Nano@Tech: The Design of Nanoscale Therapeutics and Nanostructured Materials

Prof. Ravi Kane - Garry Betty/V Foundation Chair and GRA Eminent Scholar in Cancer Nanotechnology, School of Chemical and Biomolecular Engineering, Georgia Tech

Abstract: This talk will describe our efforts to interface bioactive molecules with nanomaterials and nanoscale scaffolds for designing potent therapeutics and functional nanocomposites.

The design of polyvalent molecules presenting multiple copies of a specific ligand represents a promising strategy to inhibit pathogens and bacterial toxins. We will first describe the design of polyvalent inhibitors that are orders of magnitude more active than the corresponding monovalent molecules and can neutralize anthrax toxin in vivo. We recently described a thermodynamic analysis to help clarify the theoretical basis for the large enhancements in avidity due to polyvalency. We have used this understanding to guide the structure-based design of potent synthetic polyvalent ligands. The ability to control independently the valency and the spacing between ligands is particularly valuable for these design efforts.

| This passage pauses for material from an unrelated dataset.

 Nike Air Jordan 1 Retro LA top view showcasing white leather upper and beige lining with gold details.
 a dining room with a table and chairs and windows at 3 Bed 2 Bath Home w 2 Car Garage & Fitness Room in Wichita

To that end, we recently designed monodisperse polypeptide-based polyvalent inhibitors of anthrax toxin in which multiple copies of an inhibitory toxin-binding peptide were separated by flexible peptide linkers. By tuning the valency and linker length, we designed polyvalent inhibitors that were over four orders of magnitude more potent than the corresponding monovalent ligands. Studies relating the composition and structure of polyvalent inhibitors to their activity have also shed light on fundamental aspects of polyvalent recognition, including the role of “pattern matching”. We will also discuss other applications of polyvalent molecules ranging from the inhibition of pathogens (e.g., the influenza virus) to controlling the nanoscale organization of cellular receptors to regulate signaling and stem cell fate.

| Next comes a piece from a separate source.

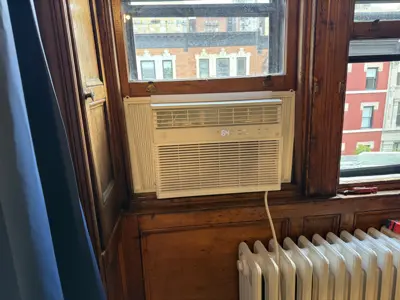 Midea window AC with support bracket in NYC co-op building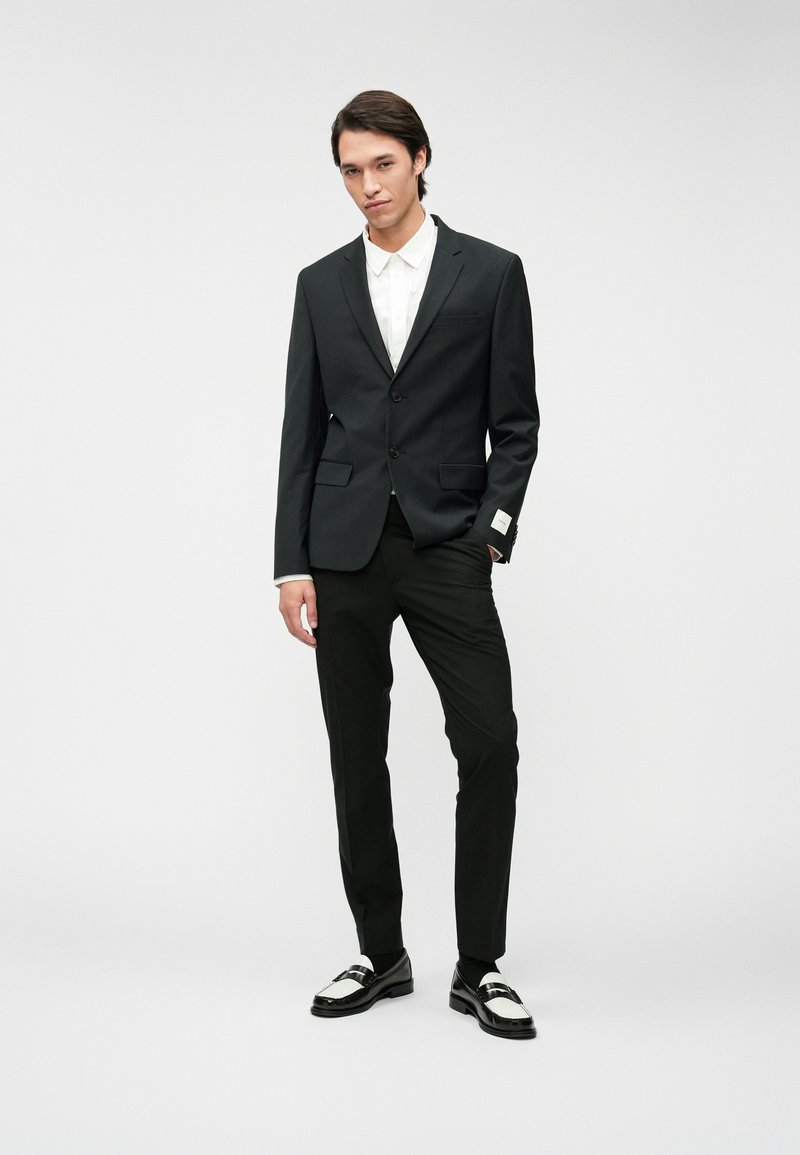 Schwarzer Anzug mit zwei Knöpfen, darunter ein weißes Hemd, schlanke Hose und schwarz-weiße Dressschuhe. Glattes Material, maßgeschneiderte Verarbeitung.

In addition to the inhibition of bacterial toxins, we are also investigating approaches to target pathogenic bacteria. In particular, the emergence of antimicrobial resistance has been a growing concern. We have been exploring an enzyme-based approach to combat pathogenic bacteria. We will describe an approach that we have developed to identify novel bacteriolytic enzymes targeting a variety of bacterial pathogens. We have also investigated the structure and function of these and other enzymes when immobilized onto nanomaterials such as carbon nanotubes. Our studies indicate that the nanoscale environment can significantly influence the activity and stability of these proteins. We have used the highly stable and active nanomaterial- protein conjugates to form nanocomposite films that are effective against antibiotic- resistant bacteria including methicillin-resistant S. aureus (MRSA).

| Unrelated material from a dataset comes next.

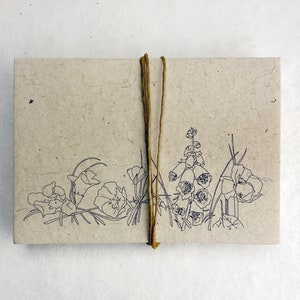 May include: A brown paper notebook with a string closure and a black line drawing of flowers on the front cover.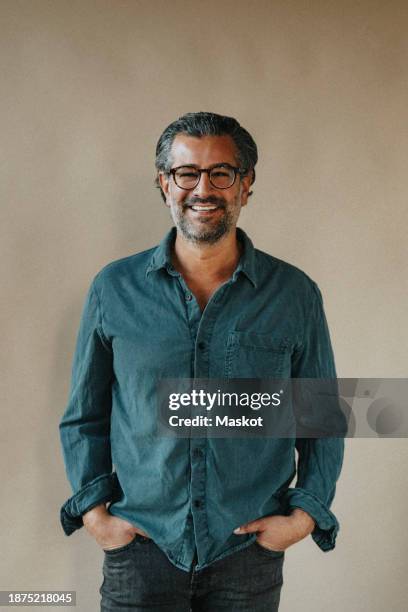 portrait of happy mature man standing with hands in pockets against beige wall - solo un uomo maturo foto e immagini stock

Bio: Prof. Kane received a B.S. in Chemical Engineering with distinction from Stanford University in 1993. While at Stanford University, he received the Terman award for outstanding achievement in engineering, the American Institute of Chemists outstanding senior award, and was elected to the Tau Beta Pi and Phi Beta Kappa honor societies. Prof. Kane went to graduate school at MIT, where he received an M.S. in Chemical Engineering Practice and a Ph.D. in Chemical Engineering working with Bob Cohen and Bob Silbey. While at MIT, he was an NSF graduate fellow and was elected to the Sigma Xi honor society. After postdoctoral research with George Whitesides in the Department of Chemistry and Chemical Biology at Harvard University, Dr. Kane joined Rensselaer Polytechnic Institute as an assistant professor in 2001. He was promoted to associate professor in 2006 and to full professor in 2007 prior to his promotion to P.K. Lashmet Professor in 2008. In 2004, Prof. Kane was named by MIT’s Technology Review as one of the TR100 – the top 100 young innovators in the world. Prof. Kane received the AIChE Nanoscale Science and Engineering Forum Young Investigator Award in 2008, the ACS BIOT Division Young Investigator Award in 2009, and the RPI Trustees Outstanding Teacher Award in 2011. Prof. Kane was elected to the AIMBE college of fellows in 2013 and received the SBE Biotechnology Progress Award for Excellence in Biological Engineering Publication in 2014. Prof. Kane joined the faculty at Georgia Tech in 2015.